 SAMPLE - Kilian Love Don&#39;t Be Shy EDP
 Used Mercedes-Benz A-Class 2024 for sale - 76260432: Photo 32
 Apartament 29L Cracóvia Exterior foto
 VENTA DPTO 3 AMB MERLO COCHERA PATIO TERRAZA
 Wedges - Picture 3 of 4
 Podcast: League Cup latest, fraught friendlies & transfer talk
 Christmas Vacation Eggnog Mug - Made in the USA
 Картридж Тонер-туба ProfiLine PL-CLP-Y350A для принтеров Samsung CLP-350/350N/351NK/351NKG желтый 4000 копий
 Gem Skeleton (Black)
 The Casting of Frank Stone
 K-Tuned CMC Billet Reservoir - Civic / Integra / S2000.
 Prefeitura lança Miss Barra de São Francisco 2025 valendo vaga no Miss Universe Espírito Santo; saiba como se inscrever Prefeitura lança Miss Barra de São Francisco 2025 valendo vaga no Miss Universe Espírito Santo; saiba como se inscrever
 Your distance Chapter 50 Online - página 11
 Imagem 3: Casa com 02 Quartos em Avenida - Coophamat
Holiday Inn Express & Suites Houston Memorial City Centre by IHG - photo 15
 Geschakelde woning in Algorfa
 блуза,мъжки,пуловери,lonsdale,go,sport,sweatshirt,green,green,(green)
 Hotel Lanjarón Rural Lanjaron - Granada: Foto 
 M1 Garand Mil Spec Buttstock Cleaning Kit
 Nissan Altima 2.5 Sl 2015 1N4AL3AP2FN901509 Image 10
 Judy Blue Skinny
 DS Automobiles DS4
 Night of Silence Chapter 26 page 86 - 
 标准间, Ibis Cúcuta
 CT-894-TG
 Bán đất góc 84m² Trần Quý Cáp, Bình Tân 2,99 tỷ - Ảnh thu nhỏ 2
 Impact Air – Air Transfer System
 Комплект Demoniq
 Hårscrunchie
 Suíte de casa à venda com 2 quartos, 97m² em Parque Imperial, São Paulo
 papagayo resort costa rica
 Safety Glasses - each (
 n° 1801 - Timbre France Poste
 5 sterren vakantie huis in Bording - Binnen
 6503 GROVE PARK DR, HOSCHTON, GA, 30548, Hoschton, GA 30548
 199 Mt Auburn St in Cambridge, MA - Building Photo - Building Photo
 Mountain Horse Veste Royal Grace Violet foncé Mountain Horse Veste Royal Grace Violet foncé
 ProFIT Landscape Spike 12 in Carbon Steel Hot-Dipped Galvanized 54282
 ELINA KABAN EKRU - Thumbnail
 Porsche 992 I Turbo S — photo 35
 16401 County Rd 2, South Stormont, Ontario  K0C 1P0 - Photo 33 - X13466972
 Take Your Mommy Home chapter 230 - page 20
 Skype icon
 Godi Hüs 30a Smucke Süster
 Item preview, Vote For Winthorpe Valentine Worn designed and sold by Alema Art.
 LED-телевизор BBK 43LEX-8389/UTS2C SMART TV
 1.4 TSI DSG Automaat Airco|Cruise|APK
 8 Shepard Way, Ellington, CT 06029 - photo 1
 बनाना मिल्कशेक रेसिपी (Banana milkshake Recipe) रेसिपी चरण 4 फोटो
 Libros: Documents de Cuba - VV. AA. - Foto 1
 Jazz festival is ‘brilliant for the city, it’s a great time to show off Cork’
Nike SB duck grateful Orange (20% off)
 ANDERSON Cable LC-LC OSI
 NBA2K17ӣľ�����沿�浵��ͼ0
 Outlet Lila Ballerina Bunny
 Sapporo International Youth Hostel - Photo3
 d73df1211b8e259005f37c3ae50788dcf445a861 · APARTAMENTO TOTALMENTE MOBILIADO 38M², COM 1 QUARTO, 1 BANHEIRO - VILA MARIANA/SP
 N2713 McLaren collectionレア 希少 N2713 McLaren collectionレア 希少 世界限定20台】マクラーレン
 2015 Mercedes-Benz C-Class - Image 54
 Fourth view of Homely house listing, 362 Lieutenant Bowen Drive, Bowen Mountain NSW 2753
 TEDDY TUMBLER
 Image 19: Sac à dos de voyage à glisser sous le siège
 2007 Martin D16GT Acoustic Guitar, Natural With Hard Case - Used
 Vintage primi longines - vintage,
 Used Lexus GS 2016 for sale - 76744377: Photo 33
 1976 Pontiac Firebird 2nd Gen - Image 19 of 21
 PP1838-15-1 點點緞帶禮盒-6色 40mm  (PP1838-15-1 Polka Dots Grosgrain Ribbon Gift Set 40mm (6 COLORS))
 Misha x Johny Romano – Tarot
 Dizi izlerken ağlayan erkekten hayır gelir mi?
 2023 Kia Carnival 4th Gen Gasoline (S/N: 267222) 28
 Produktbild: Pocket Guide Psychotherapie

* * * * * * *

■ WORK INSTRUCTIONS ■
Retype each entry exactly, missing none.

■ TASK RESPONSE ■
 SAMPLE - Kilian Love Don&#39;t Be Shy EDP
 Used Mercedes-Benz A-Class 2024 for sale - 76260432: Photo 32
 Apartament 29L Cracóvia Exterior foto
 VENTA DPTO 3 AMB MERLO COCHERA PATIO TERRAZA
 Wedges - Picture 3 of 4
 Podcast: League Cup latest, fraught friendlies & transfer talk
 Christmas Vacation Eggnog Mug - Made in the USA
 Картридж Тонер-туба ProfiLine PL-CLP-Y350A для принтеров Samsung CLP-350/350N/351NK/351NKG желтый 4000 копий
 Gem Skeleton (Black)
 The Casting of Frank Stone
 K-Tuned CMC Billet Reservoir - Civic / Integra / S2000.
 Prefeitura lança Miss Barra de São Francisco 2025 valendo vaga no Miss Universe Espírito Santo; saiba como se inscrever Prefeitura lança Miss Barra de São Francisco 2025 valendo vaga no Miss Universe Espírito Santo; saiba como se inscrever
 Your distance Chapter 50 Online - página 11
 Imagem 3: Casa com 02 Quartos em Avenida - Coophamat
Holiday Inn Express & Suites Houston Memorial City Centre by IHG - photo 15
 Geschakelde woning in Algorfa
 блуза,мъжки,пуловери,lonsdale,go,sport,sweatshirt,green,green,(green)
 Hotel Lanjarón Rural Lanjaron - Granada: Foto 
 M1 Garand Mil Spec Buttstock Cleaning Kit
 Nissan Altima 2.5 Sl 2015 1N4AL3AP2FN901509 Image 10
 Judy Blue Skinny
 DS Automobiles DS4
 Night of Silence Chapter 26 page 86 - 
 标准间, Ibis Cúcuta
 CT-894-TG
 Bán đất góc 84m² Trần Quý Cáp, Bình Tân 2,99 tỷ - Ảnh thu nhỏ 2
 Impact Air – Air Transfer System
 Комплект Demoniq
 Hårscrunchie
 Suíte de casa à venda com 2 quartos, 97m² em Parque Imperial, São Paulo
 papagayo resort costa rica
 Safety Glasses - each (
 n° 1801 - Timbre France Poste
 5 sterren vakantie huis in Bording - Binnen
 6503 GROVE PARK DR, HOSCHTON, GA, 30548, Hoschton, GA 30548
 199 Mt Auburn St in Cambridge, MA - Building Photo - Building Photo
 Mountain Horse Veste Royal Grace Violet foncé Mountain Horse Veste Royal Grace Violet foncé
 ProFIT Landscape Spike 12 in Carbon Steel Hot-Dipped Galvanized 54282
 ELINA KABAN EKRU - Thumbnail
 Porsche 992 I Turbo S — photo 35
 16401 County Rd 2, South Stormont, Ontario  K0C 1P0 - Photo 33 - X13466972
 Take Your Mommy Home chapter 230 - page 20
 Skype icon
 Godi Hüs 30a Smucke Süster
 Item preview, Vote For Winthorpe Valentine Worn designed and sold by Alema Art.
 LED-телевизор BBK 43LEX-8389/UTS2C SMART TV
 1.4 TSI DSG Automaat Airco|Cruise|APK
 8 Shepard Way, Ellington, CT 06029 - photo 1
 बनाना मिल्कशेक रेसिपी (Banana milkshake Recipe) रेसिपी चरण 4 फोटो
 Libros: Documents de Cuba - VV. AA. - Foto 1
 Jazz festival is ‘brilliant for the city, it’s a great time to show off Cork’
Nike SB duck grateful Orange (20% off)
 ANDERSON Cable LC-LC OSI
 NBA2K17ӣľ�����沿�浵��ͼ0
 Outlet Lila Ballerina Bunny
 Sapporo International Youth Hostel - Photo3
 d73df1211b8e259005f37c3ae50788dcf445a861 · APARTAMENTO TOTALMENTE MOBILIADO 38M², COM 1 QUARTO, 1 BANHEIRO - VILA MARIANA/SP
 N2713 McLaren collectionレア 希少 N2713 McLaren collectionレア 希少 世界限定20台】マクラーレン
 2015 Mercedes-Benz C-Class - Image 54
 Fourth view of Homely house listing, 362 Lieutenant Bowen Drive, Bowen Mountain NSW 2753
 TEDDY TUMBLER
 Image 19: Sac à dos de voyage à glisser sous le siège
 2007 Martin D16GT Acoustic Guitar, Natural With Hard Case - Used
 Vintage primi longines - vintage,
 Used Lexus GS 2016 for sale - 76744377: Photo 33
 1976 Pontiac Firebird 2nd Gen - Image 19 of 21
 PP1838-15-1 點點緞帶禮盒-6色 40mm  (PP1838-15-1 Polka Dots Grosgrain Ribbon Gift Set 40mm (6 COLORS))
 Misha x Johny Romano – Tarot
 Dizi izlerken ağlayan erkekten hayır gelir mi?
 2023 Kia Carnival 4th Gen Gasoline (S/N: 267222) 28
 Produktbild: Pocket Guide Psychotherapie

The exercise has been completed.